- [Description of the task] Beneath this line sits some data. Return only its lines from the one holding "4559 Zenobia Street, Denver, CO 80212" through the one holding "Jumpsuit mit Muster", inclusive, exactly, with the images removed.

- [Records provided]
+--

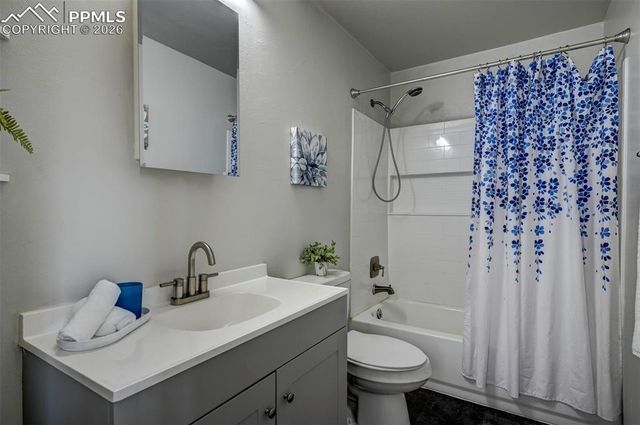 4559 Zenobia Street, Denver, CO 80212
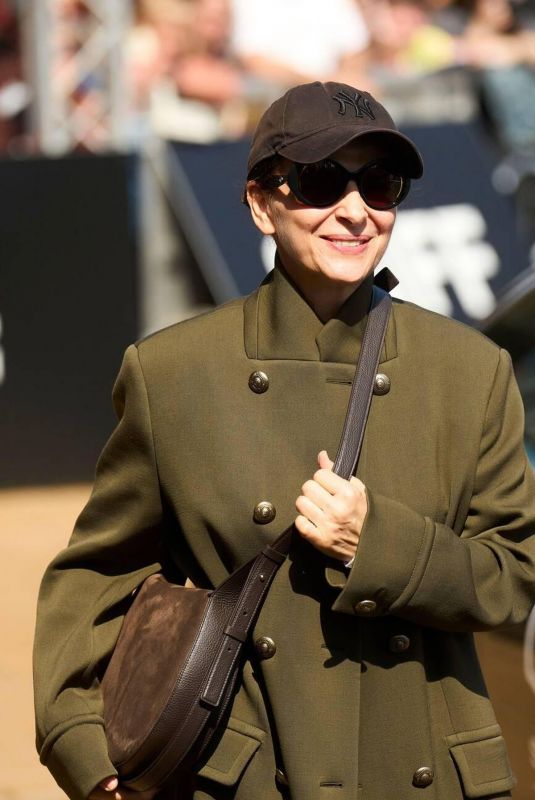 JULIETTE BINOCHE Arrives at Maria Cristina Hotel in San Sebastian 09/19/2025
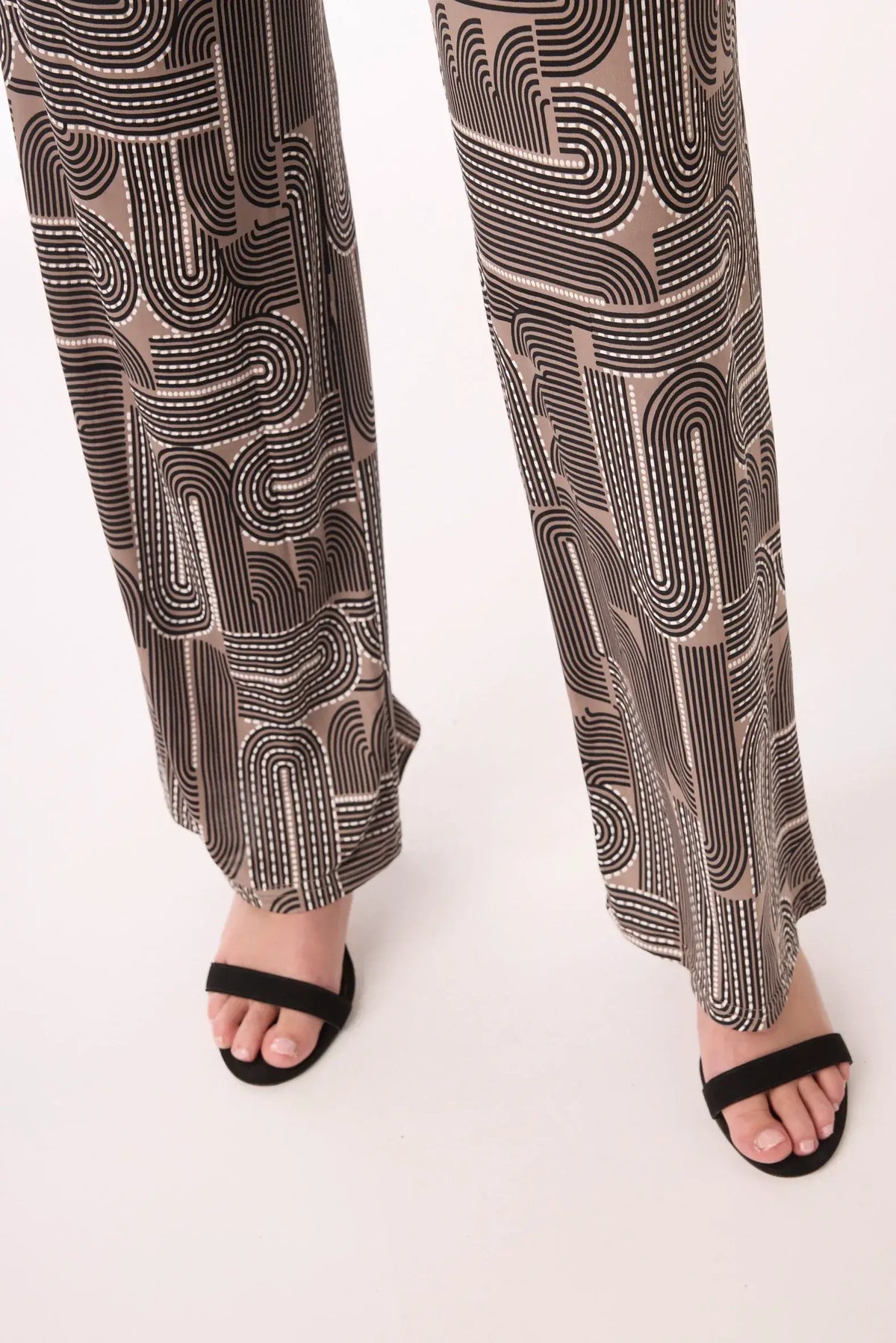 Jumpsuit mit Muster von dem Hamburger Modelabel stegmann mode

+--

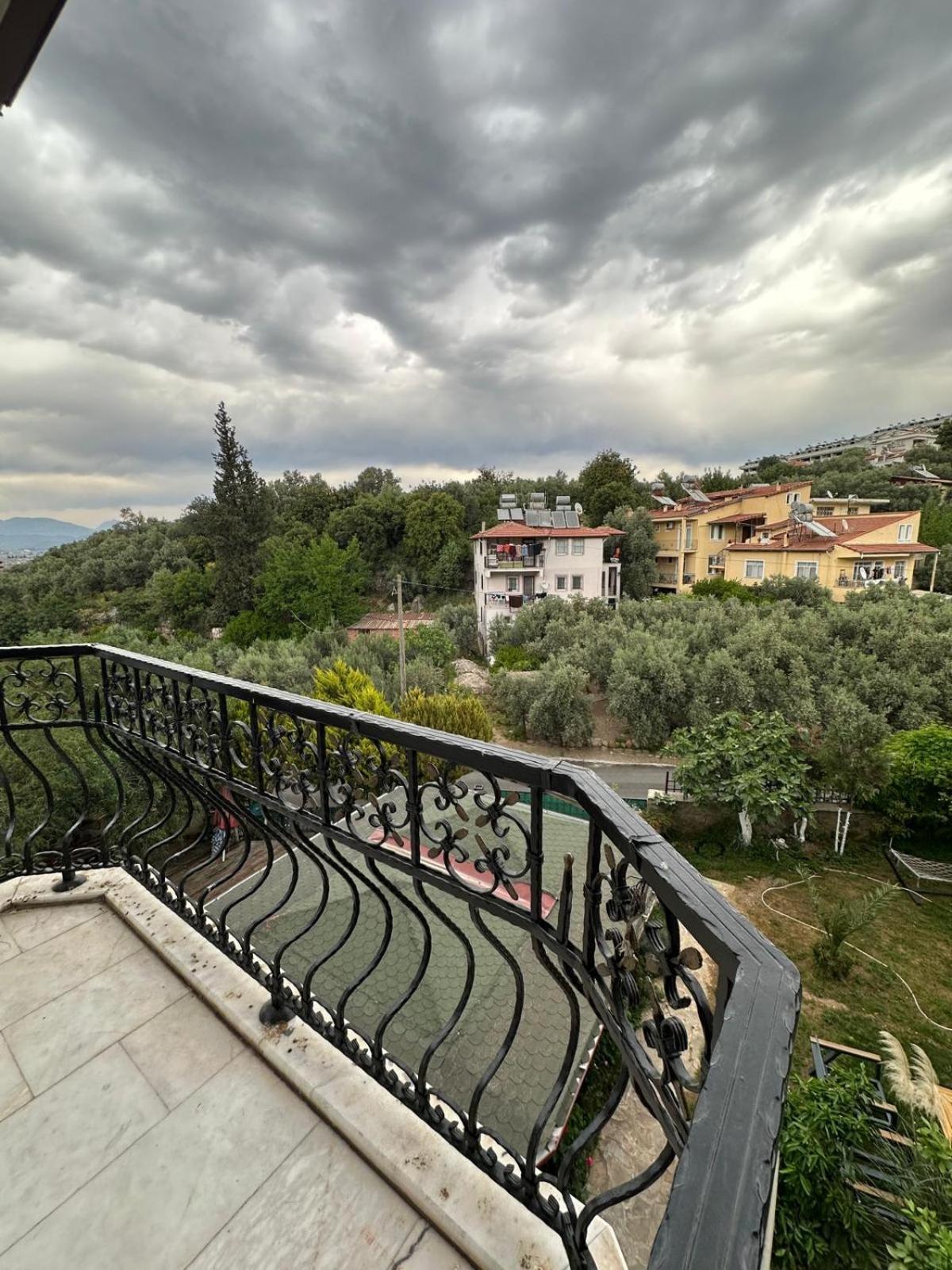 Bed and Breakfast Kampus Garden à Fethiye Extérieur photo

+--

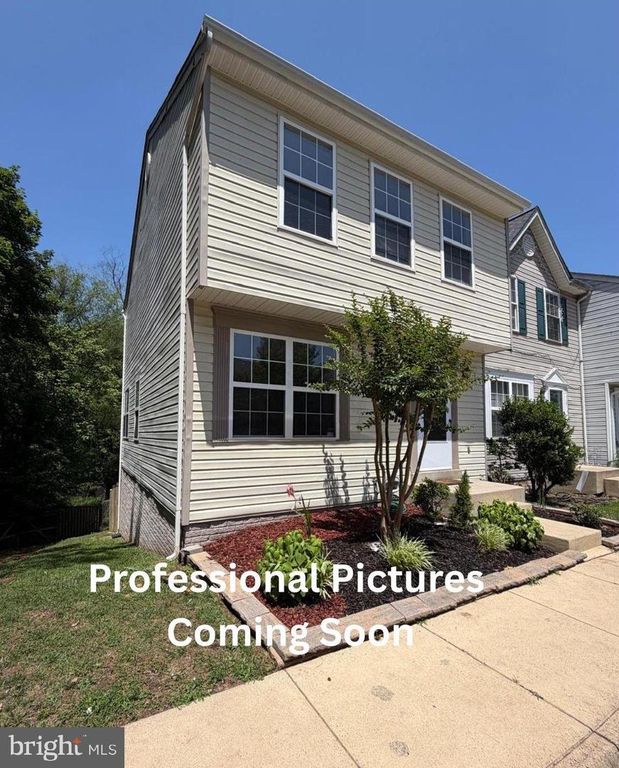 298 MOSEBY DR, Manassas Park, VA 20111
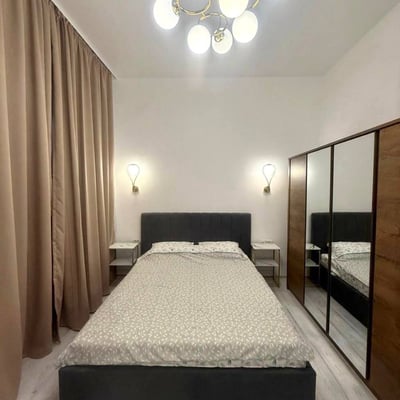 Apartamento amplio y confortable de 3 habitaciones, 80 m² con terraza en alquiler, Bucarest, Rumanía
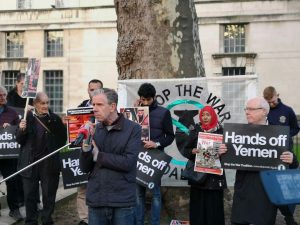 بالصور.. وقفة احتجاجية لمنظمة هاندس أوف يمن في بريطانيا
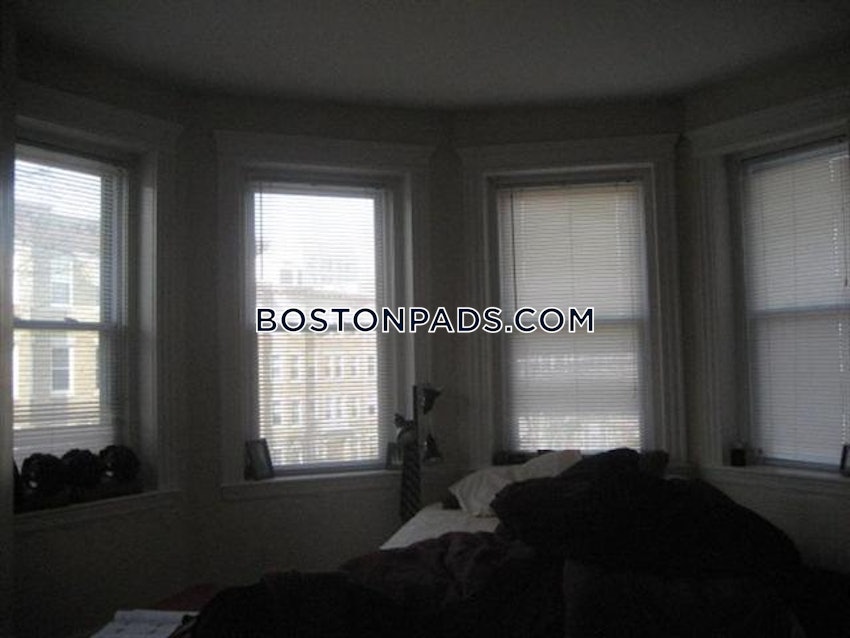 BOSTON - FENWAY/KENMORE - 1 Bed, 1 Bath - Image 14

+--

- [Answer area]
 4559 Zenobia Street, Denver, CO 80212
 JULIETTE BINOCHE Arrives at Maria Cristina Hotel in San Sebastian 09/19/2025
 Jumpsuit mit Muster von dem Hamburger Modelabel stegmann mode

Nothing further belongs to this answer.